The first time I met the surfboard shaper Terry Martin, he was wearing frayed khaki shorts, a paint-splattered tee shirt, and fur-lined Ugg boots. His movements were loose and energetic. His voice and facial expression revealed a sort of “aww shucks” optimism. In short, he oozed that patented SoCal surf stoke that outsiders can never quite wrap their heads around; the Golden Retriever eagerness that East Coasters sometimes perceive as insincere, shallow, or even fake.
But the man I met was the opposite of those things. He was perhaps the most sincere person I’ve ever known — in love with the surfer’s quest for the perfect ride in a way that might read like a Hollywood cliché, if it weren’t so grounded in history.
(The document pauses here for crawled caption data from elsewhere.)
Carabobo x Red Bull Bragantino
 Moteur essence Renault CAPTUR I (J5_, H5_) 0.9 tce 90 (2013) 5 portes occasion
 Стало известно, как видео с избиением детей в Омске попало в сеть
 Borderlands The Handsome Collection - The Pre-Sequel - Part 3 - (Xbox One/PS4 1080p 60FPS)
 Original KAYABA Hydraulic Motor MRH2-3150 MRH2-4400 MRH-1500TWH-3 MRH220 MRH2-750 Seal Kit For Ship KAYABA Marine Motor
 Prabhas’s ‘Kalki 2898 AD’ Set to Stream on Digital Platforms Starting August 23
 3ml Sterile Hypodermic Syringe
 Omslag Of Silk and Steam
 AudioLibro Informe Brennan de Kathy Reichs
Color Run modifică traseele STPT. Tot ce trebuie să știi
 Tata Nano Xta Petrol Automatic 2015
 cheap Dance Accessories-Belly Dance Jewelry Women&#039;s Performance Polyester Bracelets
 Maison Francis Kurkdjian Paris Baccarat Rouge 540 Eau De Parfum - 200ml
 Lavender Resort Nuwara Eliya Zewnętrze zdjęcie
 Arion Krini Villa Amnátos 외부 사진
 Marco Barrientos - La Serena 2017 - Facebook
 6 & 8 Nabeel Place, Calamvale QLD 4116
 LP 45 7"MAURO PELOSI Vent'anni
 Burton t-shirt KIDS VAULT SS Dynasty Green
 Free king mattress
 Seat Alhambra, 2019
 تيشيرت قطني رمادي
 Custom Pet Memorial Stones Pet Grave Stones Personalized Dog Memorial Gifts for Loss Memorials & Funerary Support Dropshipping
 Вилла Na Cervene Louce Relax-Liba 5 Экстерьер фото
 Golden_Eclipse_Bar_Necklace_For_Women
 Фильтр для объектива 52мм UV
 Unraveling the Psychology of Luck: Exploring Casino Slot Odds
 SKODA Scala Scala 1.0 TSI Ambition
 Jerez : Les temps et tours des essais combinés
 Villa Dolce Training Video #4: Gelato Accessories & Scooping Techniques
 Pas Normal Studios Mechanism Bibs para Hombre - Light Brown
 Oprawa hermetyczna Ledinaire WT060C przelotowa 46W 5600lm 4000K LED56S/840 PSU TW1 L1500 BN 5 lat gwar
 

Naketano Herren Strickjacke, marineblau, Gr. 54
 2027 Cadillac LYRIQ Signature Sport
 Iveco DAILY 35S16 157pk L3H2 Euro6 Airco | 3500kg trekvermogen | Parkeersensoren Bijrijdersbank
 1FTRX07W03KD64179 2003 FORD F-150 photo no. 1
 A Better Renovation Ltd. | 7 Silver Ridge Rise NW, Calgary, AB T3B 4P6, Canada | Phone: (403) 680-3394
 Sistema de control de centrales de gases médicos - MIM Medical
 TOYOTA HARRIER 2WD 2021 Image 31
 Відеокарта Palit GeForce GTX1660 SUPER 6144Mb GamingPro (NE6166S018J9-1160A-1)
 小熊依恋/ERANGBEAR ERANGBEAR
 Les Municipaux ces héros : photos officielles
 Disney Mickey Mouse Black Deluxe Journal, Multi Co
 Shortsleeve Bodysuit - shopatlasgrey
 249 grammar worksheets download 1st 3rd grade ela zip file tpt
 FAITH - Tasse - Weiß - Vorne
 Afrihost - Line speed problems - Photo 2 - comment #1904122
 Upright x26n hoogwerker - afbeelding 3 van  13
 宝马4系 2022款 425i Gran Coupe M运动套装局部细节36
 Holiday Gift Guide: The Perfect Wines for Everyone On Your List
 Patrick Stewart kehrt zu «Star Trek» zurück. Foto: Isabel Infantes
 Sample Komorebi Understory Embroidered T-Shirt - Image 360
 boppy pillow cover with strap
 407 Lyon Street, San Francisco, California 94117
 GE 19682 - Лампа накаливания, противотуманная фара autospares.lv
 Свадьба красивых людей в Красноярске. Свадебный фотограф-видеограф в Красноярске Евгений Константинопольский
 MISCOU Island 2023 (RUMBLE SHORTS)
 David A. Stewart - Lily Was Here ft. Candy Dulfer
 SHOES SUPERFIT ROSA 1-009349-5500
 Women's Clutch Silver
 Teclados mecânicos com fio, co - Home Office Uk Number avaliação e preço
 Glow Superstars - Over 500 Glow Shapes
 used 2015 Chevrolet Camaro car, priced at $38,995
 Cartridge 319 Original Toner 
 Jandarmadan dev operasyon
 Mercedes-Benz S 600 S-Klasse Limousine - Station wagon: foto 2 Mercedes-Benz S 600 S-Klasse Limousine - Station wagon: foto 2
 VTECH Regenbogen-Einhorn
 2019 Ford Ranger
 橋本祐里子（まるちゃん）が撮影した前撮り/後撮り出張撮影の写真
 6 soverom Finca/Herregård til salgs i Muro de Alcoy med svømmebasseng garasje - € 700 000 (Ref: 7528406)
Because Terry Martin was not a copy of some extra on Gidget. He was a true original. The most genuine of genuine articles.
“I’m still as excited about your board as I was about the first one I made, when I was 14,” he told me that day. “I can’t wait for you to get out in the water, then you gotta come back and tell me how it went.”
Martin was 68-years-old when we had that conversation, at the tail end of a historic career. He’d made more surfboards than anyone in history, for just about every surfer on earth, and ridden out every rogue wave the industry could throw at him. He was the John Henry of the sport — making boards by hand when the big brands turned to cheap, machine-cut products, then outlasting those machines as the industry slowly pivoted back to its artisanal roots.
Estimates put Martin’s career output at 80,000 boards. For what it’s worth, everyone I know feels like that’s undershooting the number. Still, he maintained a certain energy — a passion for his craft that’s woefully rare after so long in any industry.